When the listing below reaches the line that has "Roland Strumenti musicali: Batterie", start reproducing exactly; stop after the line that has "Chalet Le Bois", and drop the pictures.

INPUT RECORDS:
------------

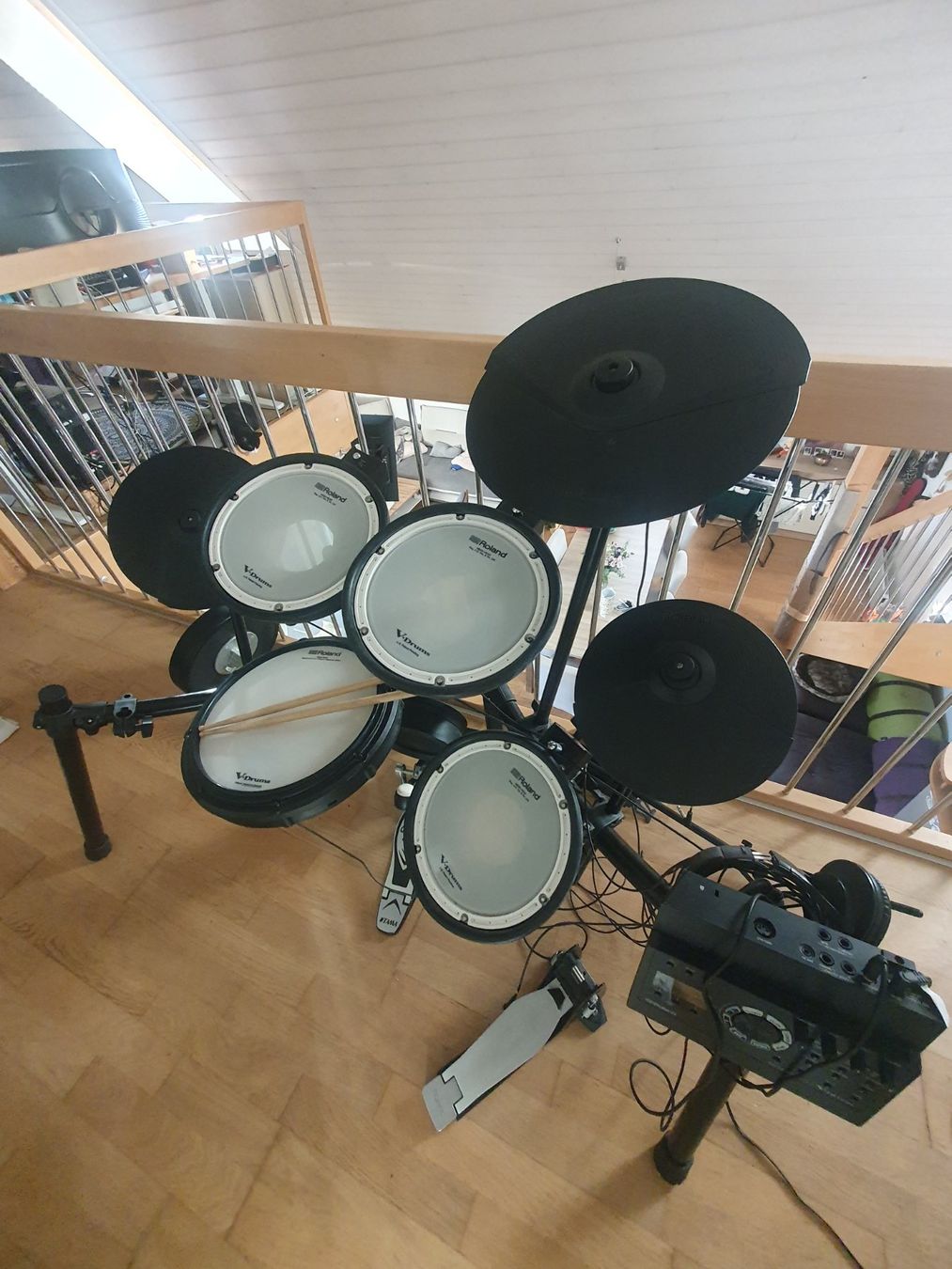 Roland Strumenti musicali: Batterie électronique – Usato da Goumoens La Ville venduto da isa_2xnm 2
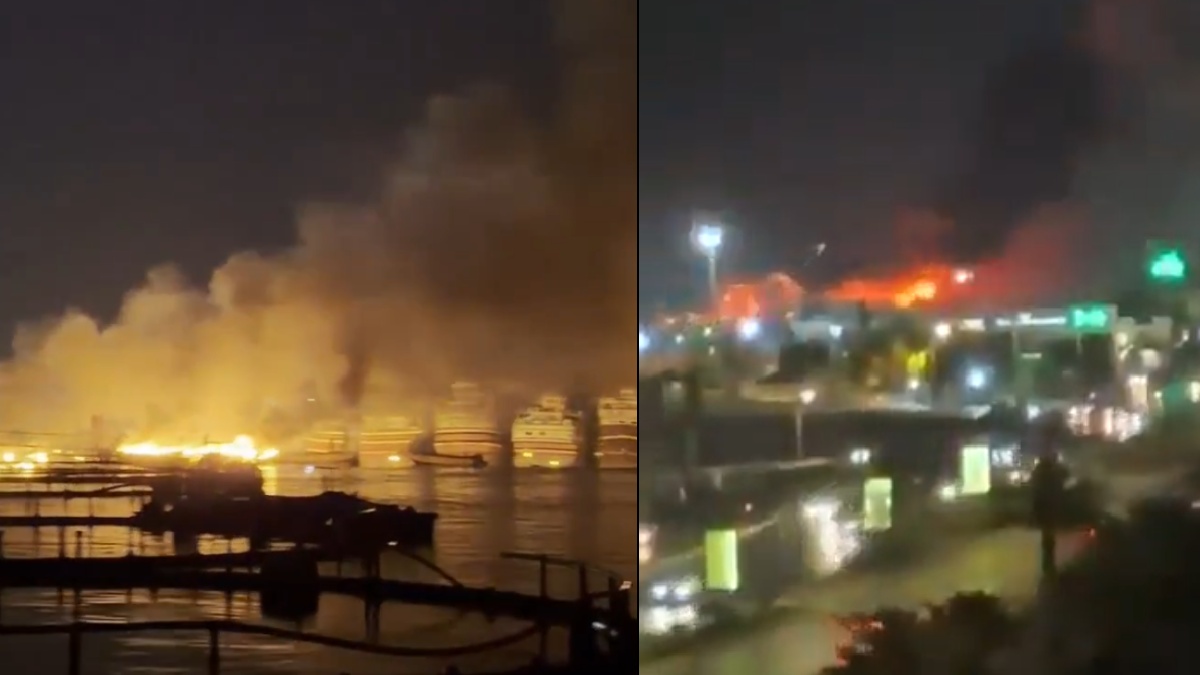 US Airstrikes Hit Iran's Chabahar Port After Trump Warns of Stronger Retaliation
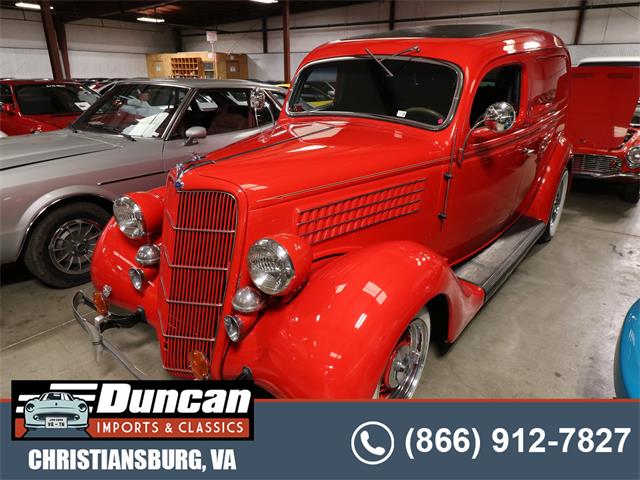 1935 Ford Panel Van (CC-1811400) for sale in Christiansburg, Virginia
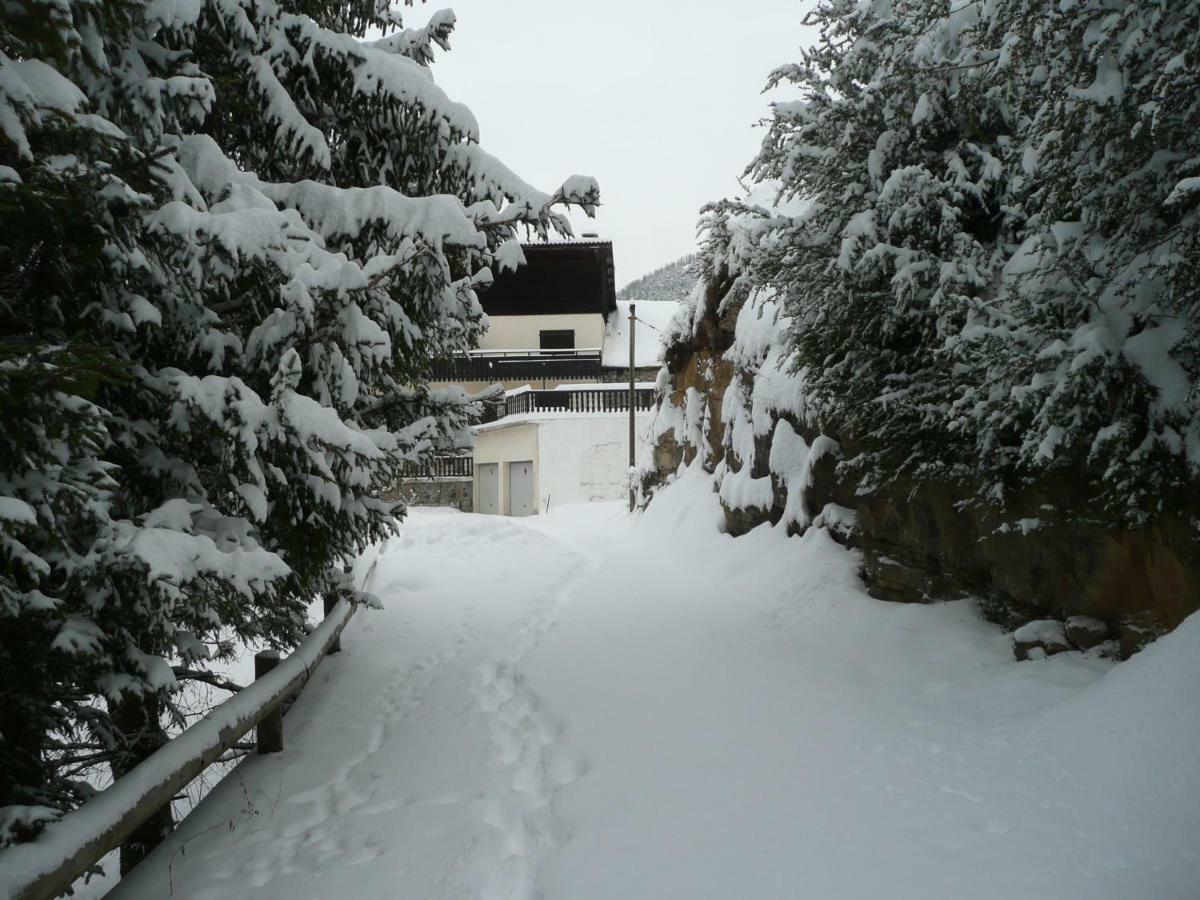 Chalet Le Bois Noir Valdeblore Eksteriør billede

------------

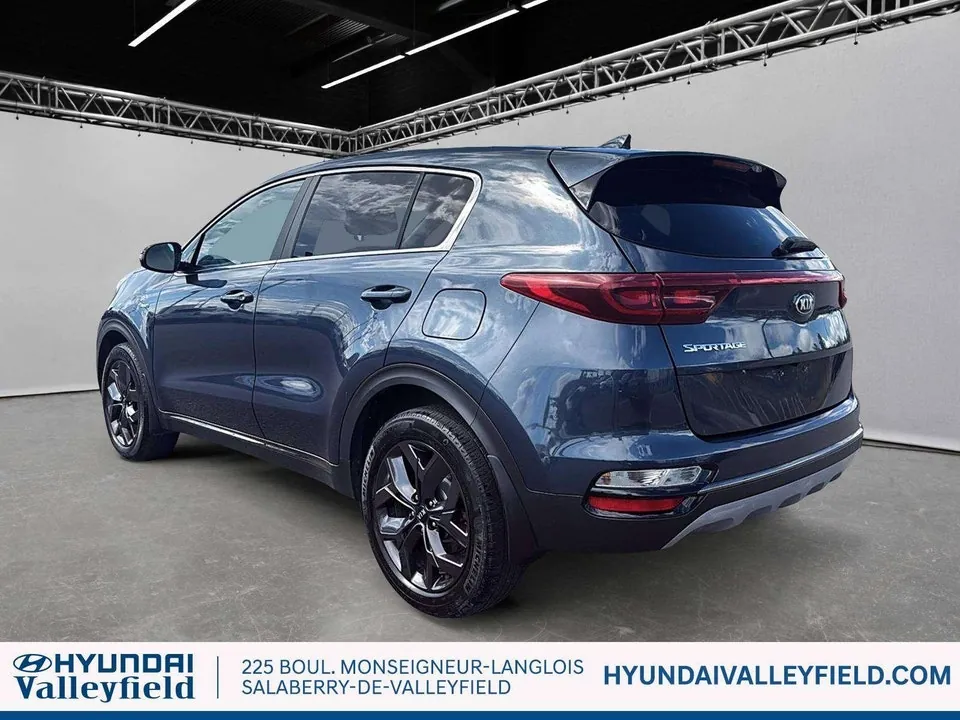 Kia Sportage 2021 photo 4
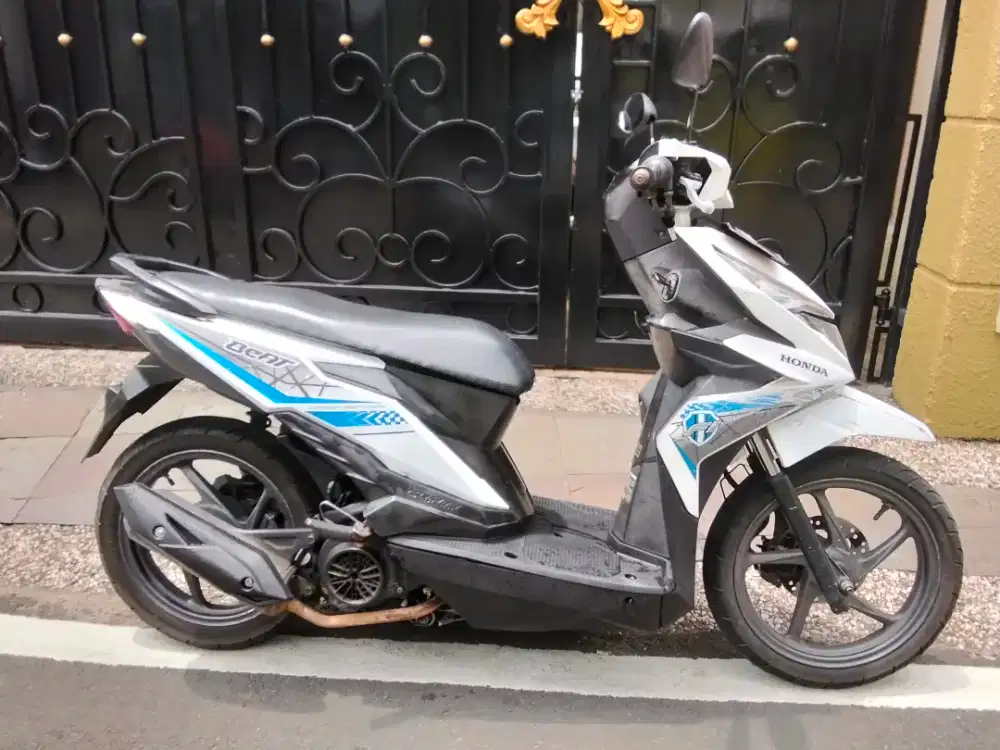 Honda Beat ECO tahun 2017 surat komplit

------------

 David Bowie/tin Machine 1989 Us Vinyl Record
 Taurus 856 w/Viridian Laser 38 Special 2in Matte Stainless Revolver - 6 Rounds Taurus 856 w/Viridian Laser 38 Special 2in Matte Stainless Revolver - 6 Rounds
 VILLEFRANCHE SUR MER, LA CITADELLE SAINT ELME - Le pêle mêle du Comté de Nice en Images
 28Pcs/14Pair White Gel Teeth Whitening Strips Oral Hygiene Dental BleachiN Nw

------------

RESULT FOR THIS TASK:
 Roland Strumenti musicali: Batterie électronique – Usato da Goumoens La Ville venduto da isa_2xnm 2
 US Airstrikes Hit Iran's Chabahar Port After Trump Warns of Stronger Retaliation
 1935 Ford Panel Van (CC-1811400) for sale in Christiansburg, Virginia
 Chalet Le Bois Noir Valdeblore Eksteriør billede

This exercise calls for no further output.